The Heston stochastic volatility model is the most important two-dimensional affine process in quantitative finance. Its affine structure is the reason semi-closed-form option pricing formulas exist, making it the standard model for equity option markets. This section embeds the Heston model in the affine framework, derives the Riccati system, presents the characteristic function, and connects the abstract affine machinery to the concrete problem of pricing options with stochastic volatility.

Learning Objectives

By the end of this section, you will be able to:

  1. Write the Heston dynamics as a two-dimensional affine process on \(\mathbb{R} \times \mathbb{R}_+\)
  2. Identify the affine parameters and the functions \(F\) and \(R\)
  3. Derive the Riccati system for the Heston characteristic function
  4. State the closed-form Heston characteristic function and interpret the role of correlation

Intuition

The Black-Scholes model assumes constant volatility, but observed option prices imply a volatility that varies with strike and maturity---the volatility smile.

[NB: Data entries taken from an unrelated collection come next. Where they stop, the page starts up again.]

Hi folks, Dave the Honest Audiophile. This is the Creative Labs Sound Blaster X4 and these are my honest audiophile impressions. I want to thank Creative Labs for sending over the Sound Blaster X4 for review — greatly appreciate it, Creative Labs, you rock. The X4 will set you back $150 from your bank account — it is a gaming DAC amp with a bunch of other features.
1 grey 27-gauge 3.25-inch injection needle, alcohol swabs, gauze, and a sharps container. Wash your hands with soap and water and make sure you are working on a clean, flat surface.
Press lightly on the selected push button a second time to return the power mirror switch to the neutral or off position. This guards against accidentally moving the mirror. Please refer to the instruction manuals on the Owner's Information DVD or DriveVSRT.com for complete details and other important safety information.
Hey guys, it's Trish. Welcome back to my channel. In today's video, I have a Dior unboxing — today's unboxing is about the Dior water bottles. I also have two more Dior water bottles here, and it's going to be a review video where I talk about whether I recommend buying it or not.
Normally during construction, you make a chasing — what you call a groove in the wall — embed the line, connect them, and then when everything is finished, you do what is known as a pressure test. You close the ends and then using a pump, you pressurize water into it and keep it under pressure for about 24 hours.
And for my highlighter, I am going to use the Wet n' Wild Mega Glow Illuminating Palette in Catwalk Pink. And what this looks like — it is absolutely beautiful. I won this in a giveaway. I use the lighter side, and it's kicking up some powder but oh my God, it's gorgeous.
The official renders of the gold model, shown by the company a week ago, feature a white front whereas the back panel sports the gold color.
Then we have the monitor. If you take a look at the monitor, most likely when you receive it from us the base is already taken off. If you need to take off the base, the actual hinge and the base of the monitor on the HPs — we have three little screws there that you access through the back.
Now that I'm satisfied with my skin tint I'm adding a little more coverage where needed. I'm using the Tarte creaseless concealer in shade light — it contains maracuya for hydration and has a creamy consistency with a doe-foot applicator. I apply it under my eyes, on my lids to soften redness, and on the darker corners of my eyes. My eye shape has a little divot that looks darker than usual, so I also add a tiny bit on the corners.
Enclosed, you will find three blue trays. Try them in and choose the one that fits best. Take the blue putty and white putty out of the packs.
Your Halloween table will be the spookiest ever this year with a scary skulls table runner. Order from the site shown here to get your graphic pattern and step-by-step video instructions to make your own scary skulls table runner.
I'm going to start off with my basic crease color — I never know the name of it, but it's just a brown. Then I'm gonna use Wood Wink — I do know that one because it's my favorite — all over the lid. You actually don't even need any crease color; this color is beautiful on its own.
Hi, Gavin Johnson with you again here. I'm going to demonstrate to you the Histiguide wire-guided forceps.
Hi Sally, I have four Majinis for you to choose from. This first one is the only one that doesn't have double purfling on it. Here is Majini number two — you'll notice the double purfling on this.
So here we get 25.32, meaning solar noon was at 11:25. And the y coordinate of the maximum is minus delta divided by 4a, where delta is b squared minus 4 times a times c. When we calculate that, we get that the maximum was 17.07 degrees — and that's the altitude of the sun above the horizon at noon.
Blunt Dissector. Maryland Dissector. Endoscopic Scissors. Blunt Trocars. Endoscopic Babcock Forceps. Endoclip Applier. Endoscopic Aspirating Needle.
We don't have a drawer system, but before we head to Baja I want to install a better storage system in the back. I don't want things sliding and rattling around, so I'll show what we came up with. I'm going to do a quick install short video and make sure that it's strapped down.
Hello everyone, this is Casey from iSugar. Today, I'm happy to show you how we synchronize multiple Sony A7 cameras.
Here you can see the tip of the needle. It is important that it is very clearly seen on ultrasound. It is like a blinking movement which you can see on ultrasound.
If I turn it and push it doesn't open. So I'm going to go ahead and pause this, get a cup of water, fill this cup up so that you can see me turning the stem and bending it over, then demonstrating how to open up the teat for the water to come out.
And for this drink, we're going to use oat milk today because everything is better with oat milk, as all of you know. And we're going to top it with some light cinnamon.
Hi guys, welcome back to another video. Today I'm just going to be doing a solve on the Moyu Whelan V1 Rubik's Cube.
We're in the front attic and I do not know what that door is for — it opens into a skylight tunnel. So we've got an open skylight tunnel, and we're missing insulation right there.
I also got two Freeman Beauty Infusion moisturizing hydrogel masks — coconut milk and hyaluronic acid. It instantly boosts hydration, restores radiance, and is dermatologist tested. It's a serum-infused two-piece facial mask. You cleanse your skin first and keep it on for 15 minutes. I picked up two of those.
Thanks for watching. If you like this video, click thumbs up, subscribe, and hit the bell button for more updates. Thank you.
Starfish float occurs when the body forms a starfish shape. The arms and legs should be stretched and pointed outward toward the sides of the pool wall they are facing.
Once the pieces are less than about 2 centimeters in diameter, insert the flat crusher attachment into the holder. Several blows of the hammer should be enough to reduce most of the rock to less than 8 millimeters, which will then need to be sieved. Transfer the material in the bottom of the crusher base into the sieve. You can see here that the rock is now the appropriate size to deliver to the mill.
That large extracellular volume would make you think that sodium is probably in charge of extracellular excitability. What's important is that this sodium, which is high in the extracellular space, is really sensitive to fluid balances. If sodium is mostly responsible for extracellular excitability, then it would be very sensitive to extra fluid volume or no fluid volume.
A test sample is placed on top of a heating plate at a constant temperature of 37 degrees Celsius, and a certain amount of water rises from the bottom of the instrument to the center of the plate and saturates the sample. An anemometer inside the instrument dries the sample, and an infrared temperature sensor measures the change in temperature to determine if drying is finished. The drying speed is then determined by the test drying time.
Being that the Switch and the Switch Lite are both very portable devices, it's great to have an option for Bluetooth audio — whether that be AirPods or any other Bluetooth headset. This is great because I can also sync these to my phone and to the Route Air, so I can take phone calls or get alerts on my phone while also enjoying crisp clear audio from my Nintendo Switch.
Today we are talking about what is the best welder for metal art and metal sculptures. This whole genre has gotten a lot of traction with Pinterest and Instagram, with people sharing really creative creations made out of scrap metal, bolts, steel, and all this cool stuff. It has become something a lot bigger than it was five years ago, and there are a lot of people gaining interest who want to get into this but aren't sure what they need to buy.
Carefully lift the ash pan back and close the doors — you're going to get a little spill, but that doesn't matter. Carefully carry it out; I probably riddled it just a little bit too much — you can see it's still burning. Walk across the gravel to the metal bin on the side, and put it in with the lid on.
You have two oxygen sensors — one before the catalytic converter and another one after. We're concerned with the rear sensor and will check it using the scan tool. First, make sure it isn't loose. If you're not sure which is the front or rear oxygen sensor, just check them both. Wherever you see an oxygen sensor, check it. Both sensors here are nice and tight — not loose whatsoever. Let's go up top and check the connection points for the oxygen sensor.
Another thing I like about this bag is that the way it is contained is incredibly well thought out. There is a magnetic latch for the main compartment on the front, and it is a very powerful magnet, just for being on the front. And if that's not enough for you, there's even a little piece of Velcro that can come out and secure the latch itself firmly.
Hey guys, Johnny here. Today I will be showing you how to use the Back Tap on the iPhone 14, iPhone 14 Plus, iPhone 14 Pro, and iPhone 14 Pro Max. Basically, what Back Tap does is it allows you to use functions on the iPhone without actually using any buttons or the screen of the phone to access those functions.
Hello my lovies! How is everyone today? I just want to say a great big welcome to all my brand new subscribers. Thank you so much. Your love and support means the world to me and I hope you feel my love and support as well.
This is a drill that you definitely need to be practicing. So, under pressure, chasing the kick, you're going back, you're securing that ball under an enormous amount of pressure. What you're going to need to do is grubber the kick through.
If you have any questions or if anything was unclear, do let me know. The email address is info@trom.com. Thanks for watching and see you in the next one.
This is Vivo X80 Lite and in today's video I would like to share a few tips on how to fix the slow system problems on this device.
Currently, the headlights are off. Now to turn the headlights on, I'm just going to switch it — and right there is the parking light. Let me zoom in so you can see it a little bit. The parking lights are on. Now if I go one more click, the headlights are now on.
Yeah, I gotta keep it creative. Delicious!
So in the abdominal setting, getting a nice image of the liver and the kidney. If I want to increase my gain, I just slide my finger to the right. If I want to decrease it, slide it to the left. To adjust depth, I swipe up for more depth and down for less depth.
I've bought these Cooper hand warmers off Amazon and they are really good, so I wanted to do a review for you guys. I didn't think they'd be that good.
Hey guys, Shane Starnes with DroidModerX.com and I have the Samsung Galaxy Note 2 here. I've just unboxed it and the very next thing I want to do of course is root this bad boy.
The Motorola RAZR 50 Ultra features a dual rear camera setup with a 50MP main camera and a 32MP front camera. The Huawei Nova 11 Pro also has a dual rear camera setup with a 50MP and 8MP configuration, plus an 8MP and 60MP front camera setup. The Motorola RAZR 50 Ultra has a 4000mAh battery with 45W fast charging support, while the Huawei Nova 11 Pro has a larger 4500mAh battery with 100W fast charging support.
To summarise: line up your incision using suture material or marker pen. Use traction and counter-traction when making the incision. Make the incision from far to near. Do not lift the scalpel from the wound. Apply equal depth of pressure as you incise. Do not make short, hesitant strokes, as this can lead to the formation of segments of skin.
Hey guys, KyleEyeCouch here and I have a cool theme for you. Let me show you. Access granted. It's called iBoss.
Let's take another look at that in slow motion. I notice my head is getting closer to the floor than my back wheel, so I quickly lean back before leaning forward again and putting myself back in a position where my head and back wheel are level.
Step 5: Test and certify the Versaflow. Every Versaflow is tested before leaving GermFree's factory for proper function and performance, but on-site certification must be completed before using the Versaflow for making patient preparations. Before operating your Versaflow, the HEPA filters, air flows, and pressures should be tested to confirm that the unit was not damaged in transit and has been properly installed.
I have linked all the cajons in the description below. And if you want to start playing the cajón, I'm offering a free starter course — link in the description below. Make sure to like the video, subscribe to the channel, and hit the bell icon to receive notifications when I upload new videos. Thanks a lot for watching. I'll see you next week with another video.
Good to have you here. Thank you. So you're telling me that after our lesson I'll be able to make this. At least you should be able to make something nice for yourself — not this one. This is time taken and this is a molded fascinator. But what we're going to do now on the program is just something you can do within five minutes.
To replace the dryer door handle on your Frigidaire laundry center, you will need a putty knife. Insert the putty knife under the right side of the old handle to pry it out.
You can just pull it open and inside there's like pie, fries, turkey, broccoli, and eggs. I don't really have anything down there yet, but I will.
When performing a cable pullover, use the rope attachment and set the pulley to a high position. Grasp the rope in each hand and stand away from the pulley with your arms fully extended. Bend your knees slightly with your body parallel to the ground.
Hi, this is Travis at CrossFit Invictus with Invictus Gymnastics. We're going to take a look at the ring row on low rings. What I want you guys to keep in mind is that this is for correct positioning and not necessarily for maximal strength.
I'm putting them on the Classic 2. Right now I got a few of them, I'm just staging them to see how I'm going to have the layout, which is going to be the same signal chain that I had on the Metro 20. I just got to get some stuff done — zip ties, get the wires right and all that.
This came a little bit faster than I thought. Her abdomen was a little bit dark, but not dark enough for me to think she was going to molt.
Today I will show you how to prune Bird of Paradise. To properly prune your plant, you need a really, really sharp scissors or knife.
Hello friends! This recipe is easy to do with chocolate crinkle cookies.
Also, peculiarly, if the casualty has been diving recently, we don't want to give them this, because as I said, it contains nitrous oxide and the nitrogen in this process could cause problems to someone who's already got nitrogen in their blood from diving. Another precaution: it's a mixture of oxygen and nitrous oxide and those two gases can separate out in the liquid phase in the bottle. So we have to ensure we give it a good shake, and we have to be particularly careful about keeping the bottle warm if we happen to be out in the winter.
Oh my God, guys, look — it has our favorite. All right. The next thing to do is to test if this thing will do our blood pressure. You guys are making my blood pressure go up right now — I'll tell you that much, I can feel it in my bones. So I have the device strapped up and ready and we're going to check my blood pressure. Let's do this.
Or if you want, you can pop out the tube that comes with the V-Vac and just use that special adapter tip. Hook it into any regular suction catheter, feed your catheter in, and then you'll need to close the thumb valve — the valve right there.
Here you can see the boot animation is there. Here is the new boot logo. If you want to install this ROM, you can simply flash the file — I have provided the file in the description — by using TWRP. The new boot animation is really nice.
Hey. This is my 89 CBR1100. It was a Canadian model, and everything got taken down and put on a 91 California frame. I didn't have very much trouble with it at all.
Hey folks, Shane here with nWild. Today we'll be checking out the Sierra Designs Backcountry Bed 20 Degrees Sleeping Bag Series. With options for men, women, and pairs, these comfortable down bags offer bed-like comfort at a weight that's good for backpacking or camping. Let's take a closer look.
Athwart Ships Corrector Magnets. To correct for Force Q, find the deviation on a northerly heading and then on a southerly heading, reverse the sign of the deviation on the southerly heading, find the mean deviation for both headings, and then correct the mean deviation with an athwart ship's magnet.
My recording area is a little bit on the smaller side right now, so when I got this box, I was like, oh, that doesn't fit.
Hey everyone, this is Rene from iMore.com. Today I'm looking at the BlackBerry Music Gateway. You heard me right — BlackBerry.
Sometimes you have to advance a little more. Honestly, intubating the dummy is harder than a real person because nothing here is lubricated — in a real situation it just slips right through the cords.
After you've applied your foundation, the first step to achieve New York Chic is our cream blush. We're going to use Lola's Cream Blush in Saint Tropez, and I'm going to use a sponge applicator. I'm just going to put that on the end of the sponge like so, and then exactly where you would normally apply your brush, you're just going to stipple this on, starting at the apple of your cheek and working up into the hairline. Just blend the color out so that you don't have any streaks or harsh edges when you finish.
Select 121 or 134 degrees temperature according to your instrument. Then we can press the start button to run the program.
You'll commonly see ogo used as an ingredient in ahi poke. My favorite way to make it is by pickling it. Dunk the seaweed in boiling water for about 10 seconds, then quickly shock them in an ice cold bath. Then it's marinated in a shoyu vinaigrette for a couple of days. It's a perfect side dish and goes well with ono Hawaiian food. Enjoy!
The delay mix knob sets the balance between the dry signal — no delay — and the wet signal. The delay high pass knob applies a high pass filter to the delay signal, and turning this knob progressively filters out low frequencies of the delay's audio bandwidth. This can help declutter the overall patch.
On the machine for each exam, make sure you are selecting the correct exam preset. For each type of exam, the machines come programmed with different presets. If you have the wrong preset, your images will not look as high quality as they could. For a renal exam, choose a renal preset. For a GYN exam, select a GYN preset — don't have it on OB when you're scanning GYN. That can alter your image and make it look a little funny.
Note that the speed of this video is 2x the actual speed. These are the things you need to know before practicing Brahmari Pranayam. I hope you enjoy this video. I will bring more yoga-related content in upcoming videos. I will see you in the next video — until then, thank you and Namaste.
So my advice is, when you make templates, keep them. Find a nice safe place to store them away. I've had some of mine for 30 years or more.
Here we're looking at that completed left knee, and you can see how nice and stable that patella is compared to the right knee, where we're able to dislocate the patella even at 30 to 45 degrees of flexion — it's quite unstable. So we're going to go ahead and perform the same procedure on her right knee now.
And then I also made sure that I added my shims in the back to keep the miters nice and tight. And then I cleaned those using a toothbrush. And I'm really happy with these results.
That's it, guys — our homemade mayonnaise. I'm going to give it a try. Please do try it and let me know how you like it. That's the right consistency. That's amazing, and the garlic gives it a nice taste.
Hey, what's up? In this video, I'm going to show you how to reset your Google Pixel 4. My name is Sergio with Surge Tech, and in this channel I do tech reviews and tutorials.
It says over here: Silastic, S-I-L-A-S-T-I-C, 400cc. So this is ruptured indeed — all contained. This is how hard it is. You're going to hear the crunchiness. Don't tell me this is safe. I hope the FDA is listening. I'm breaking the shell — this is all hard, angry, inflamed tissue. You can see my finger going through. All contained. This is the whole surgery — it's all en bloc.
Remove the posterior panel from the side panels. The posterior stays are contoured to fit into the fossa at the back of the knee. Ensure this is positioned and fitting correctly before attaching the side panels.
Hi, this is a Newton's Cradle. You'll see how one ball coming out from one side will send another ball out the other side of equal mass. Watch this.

The Heston model captures this by making volatility itself a random process: the variance \(V_t\) follows a CIR process, and the log stock price \(X_t = \log S_t\) is driven by a Brownian motion correlated with the variance. The pair \((X_t, V_t)\) is a two-dimensional affine process in which \(V_t\) is the CIR-type component (non-negative, driving state-dependent volatility) and \(X_t\) is the Gaussian-type component (unconstrained).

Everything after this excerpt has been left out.